- Task goal -
Below are records. Find each line in them that holds the word "with" and copy it.

Crawled caption data:
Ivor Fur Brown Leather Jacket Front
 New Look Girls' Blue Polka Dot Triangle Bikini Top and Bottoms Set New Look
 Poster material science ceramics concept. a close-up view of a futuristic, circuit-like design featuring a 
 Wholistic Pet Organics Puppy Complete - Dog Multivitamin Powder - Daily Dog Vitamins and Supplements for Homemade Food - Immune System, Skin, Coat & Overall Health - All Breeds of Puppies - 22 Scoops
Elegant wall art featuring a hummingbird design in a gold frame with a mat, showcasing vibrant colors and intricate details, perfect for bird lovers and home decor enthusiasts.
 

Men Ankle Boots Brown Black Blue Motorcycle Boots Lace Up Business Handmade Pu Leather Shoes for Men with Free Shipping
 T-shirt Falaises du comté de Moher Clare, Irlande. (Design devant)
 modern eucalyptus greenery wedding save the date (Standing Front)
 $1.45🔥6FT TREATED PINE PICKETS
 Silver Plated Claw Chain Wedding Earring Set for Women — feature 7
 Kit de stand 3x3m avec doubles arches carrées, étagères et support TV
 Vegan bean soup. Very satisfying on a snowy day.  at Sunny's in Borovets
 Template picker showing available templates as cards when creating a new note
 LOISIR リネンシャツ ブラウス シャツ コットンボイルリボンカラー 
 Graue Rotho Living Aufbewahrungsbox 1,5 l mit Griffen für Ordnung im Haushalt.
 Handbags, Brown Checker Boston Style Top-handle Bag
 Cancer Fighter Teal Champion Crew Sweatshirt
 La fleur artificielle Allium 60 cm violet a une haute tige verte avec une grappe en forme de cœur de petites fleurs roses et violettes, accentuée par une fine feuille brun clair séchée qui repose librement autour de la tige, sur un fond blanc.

- Exercise answer -
Elegant wall art featuring a hummingbird design in a gold frame with a mat, showcasing vibrant colors and intricate details, perfect for bird lovers and home decor enthusiasts.
Men Ankle Boots Brown Black Blue Motorcycle Boots Lace Up Business Handmade Pu Leather Shoes for Men with Free Shipping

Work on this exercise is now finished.